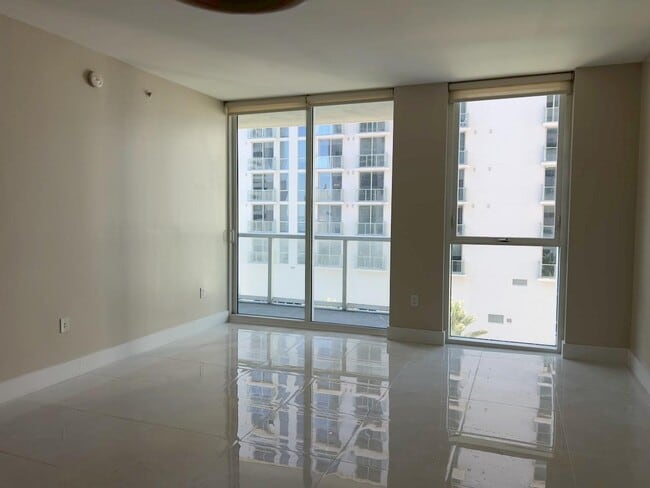 Foto del edificio - 253 NE 2nd St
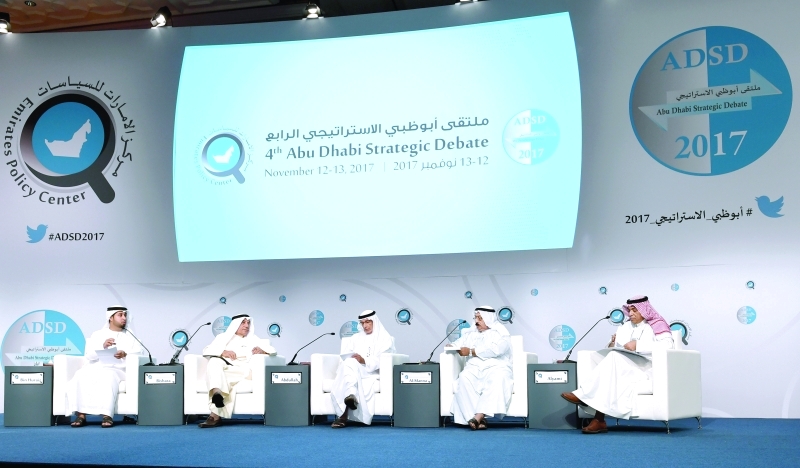 "■ جانب من حلقة نقاشية في الملتقى | وام"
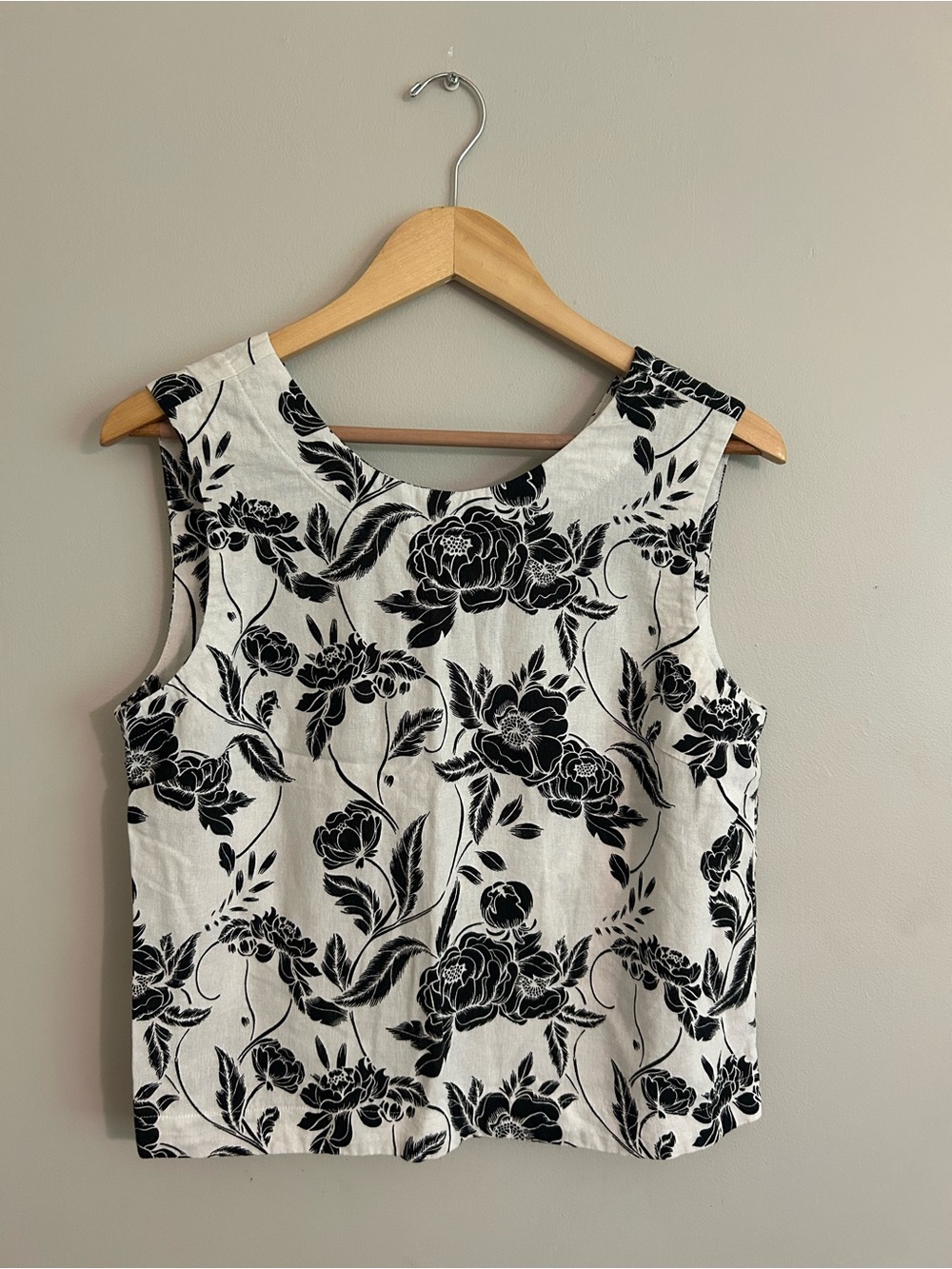 Marc Jacobs Black & White Floral Sleeveless Top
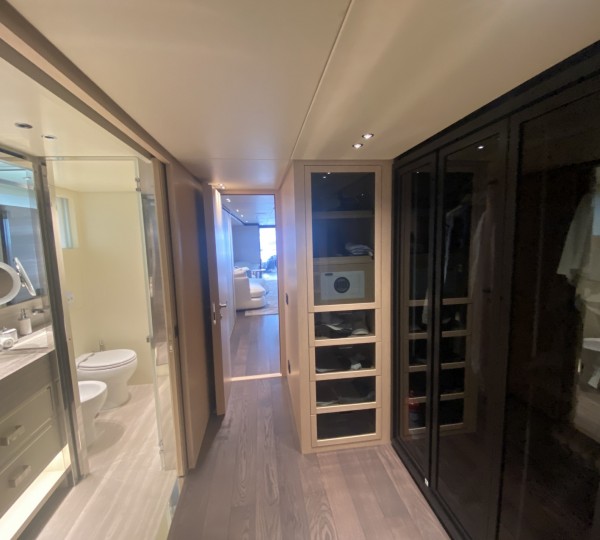 Main deck master ensuite and WIR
.....
### WHAT YOU HAVE TO DO
Retype the data in full. Images do not go in the copy.

### SOLUTION TO THIS PROBLEM
 Foto del edificio - 253 NE 2nd St
 "■ جانب من حلقة نقاشية في الملتقى | وام"
 Marc Jacobs Black & White Floral Sleeveless Top
 Main deck master ensuite and WIR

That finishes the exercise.